Chapter 6
In the morning I go for a run to get a phone signal, past GG’s window, where cardboard covers the broken panes and the ladder is gone.
The garden beds are churned up, and shards of glass in the soil catch the morning light.
A long strip of police tape has become detached from the side of the house and is flapping around like a seagull with a broken wing.
My phone is full of texts from Ali and Libby asking for any updates on GG’s death and reassuring me that the movie was kind of bad so I didn’t miss anything.
I give them the headlines: no updates and still no idea when I’ll be home.
Neither of them is on their phone, apparently, so I hang out for a bit, swishing through my recent photos to delete the bad ones, just in case Libby wakes up or Ali risks a glance at her contraband Android.
By the time I’ve consigned ten hideous selfies to the trash and changed my phone background to a photo of nearby Yallingup Beach (Dad took me our first day here, before things got weird), nobody has replied, so I jog home.
Dad’s not impressed by my morning’s activity like I expected, but rather pissed off that I didn’t tell him where I was going.
He reminds me that a woman has died. The word woman makes GG sound so young, like someone with a job and plans for Saturday night.
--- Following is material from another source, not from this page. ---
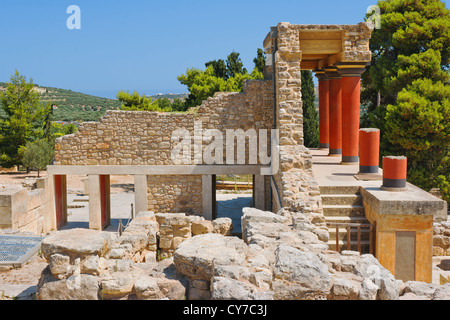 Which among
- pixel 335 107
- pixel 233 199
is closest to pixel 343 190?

I think up some comebacks in the shower, but by the time I’m wrapped in a robe and headed up to my room, I’ve conceded he might have a point.
Upstairs, I find Dylan sitting on my bed, paging through a paperback, and I let out a little yip of surprise, grabbing on to the cords of my bathrobe to make sure it hasn’t swung open.
If you think I’m being paranoid, then let me suggest that you, unlike me, have never answered the door to a delivery guy while wearing only a robe. (No, I don’t want to talk about it.)
“Hi.”
“Hey.” He swings his long legs off the bed and straightens up, raising the book I’ve been reading. “How’s this?”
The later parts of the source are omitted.